Brief:
An exact restatement of all the data is required, with the pictures left out.

Given data:
--------

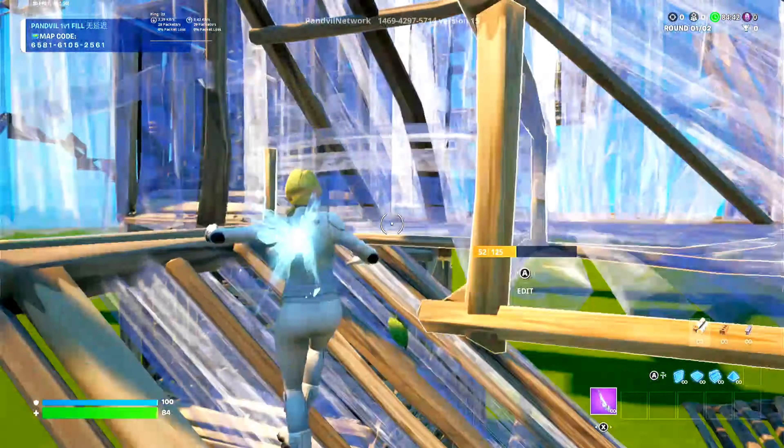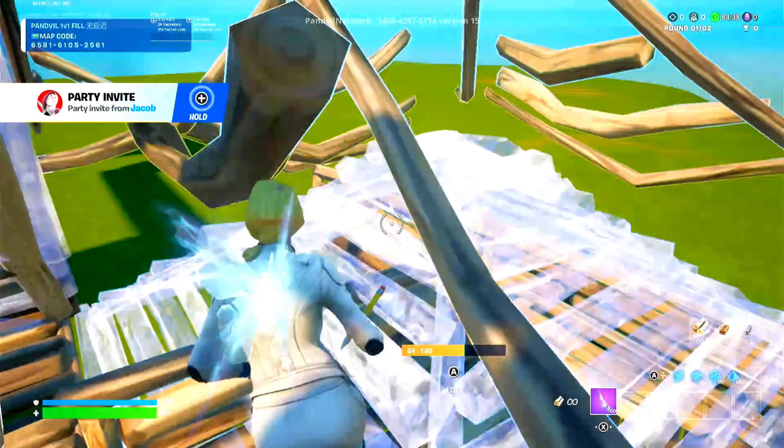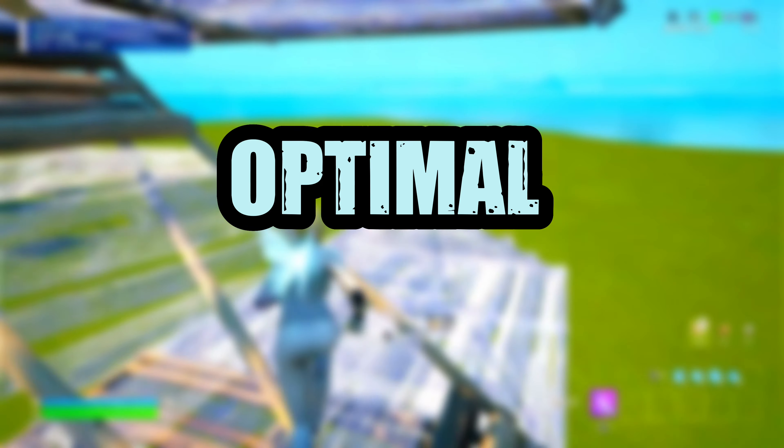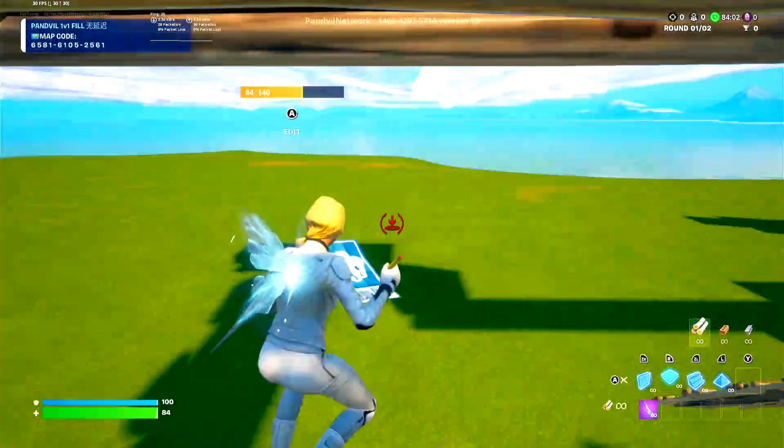What's up guys, today I'm going to be showing you how to edit with your pickaxe out on keyboard and mouse and controller. Step one is optimal keybinds. For keyboard, you can use binds such as side buttons on your mouse, scroll wheel on your mouse, or any button near your edit bind.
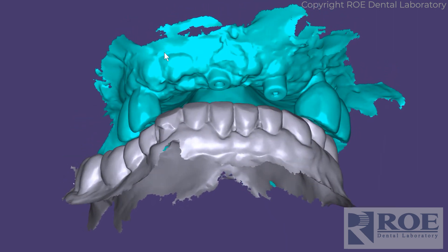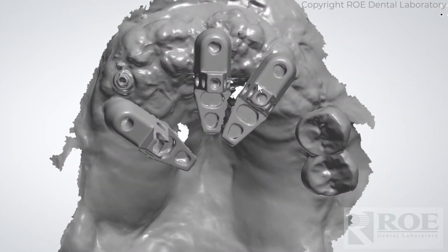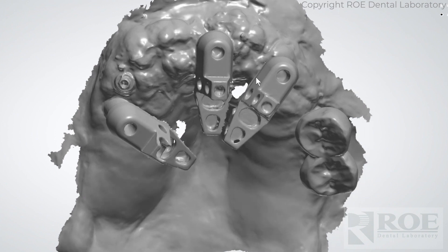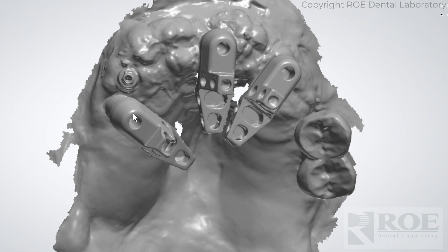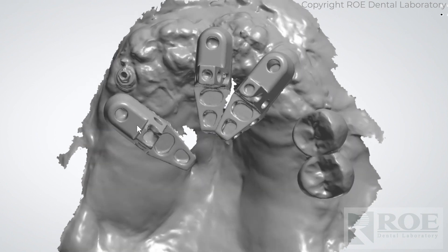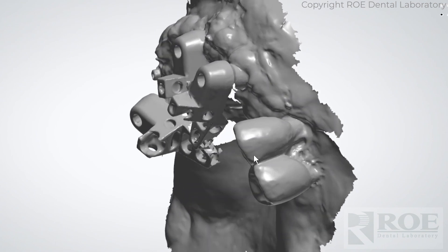Dr. Ford was pretty creative and figured this one out. What we did was add OptiSplints to these anterior two and place the implants here in these two sites, placed an OptiSplint here and then scanned. And then used these two teeth as the bite.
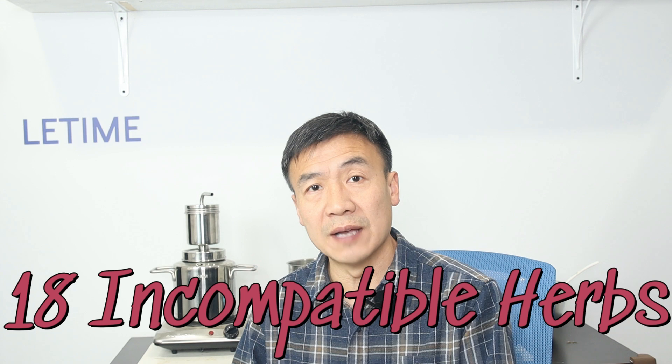I recommend starting with two or three hydrosols, because the number of possible combinations grows quickly, so start simple and test to see if you get better results. The other factor to consider is whether mixing different herbs could have a negative impact. In traditional Chinese medicine there are 18 incompatible herbs you don't want to mix together, because that will not boost but actually reduce the effect. Keep that in mind when mixing different herbs.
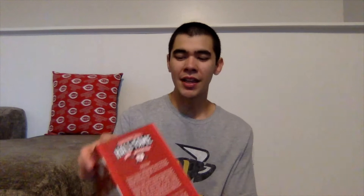We've got the picture of the bobblehead right in front of the box. It says this is a Reds Hall of Fame picture of what the Hal Morris bobblehead looks like, on a red background. This side has a little bit of the history of the Reds Hall of Fame. The back has a picture of Hal Morris as well as a little bit about his Reds career.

--------

Reply:
What's up guys, today I'm going to be showing you how to edit with your pickaxe out on keyboard and mouse and controller. Step one is optimal keybinds. For keyboard, you can use binds such as side buttons on your mouse, scroll wheel on your mouse, or any button near your edit bind.
Dr. Ford was pretty creative and figured this one out. What we did was add OptiSplints to these anterior two and place the implants here in these two sites, placed an OptiSplint here and then scanned. And then used these two teeth as the bite.
I recommend starting with two or three hydrosols, because the number of possible combinations grows quickly, so start simple and test to see if you get better results. The other factor to consider is whether mixing different herbs could have a negative impact. In traditional Chinese medicine there are 18 incompatible herbs you don't want to mix together, because that will not boost but actually reduce the effect. Keep that in mind when mixing different herbs.
We've got the picture of the bobblehead right in front of the box. It says this is a Reds Hall of Fame picture of what the Hal Morris bobblehead looks like, on a red background. This side has a little bit of the history of the Reds Hall of Fame. The back has a picture of Hal Morris as well as a little bit about his Reds career.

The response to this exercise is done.